= TASK PROMPT =
Could you repeat the listing exactly, leaving out the pictures?

= DATA PROVIDED =
────────────────────────────────────────
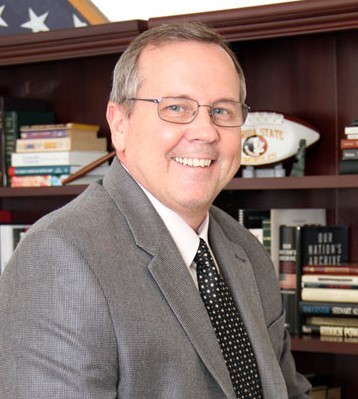 Photo of Judge David Frank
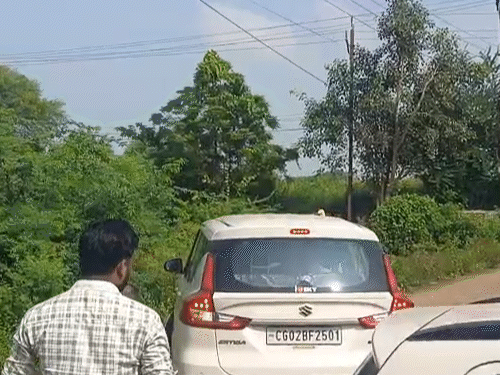 कोयला घोटाला मामले में भी रायपुर और अकलतरा में अधिकारियों ने दबिश दी।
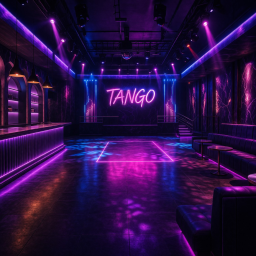 Tango [Salon de Fiestas]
────────────────────────────────────────
= EXERCISE RESPONSE =
 Photo of Judge David Frank
 कोयला घोटाला मामले में भी रायपुर और अकलतरा में अधिकारियों ने दबिश दी।
 Tango [Salon de Fiestas]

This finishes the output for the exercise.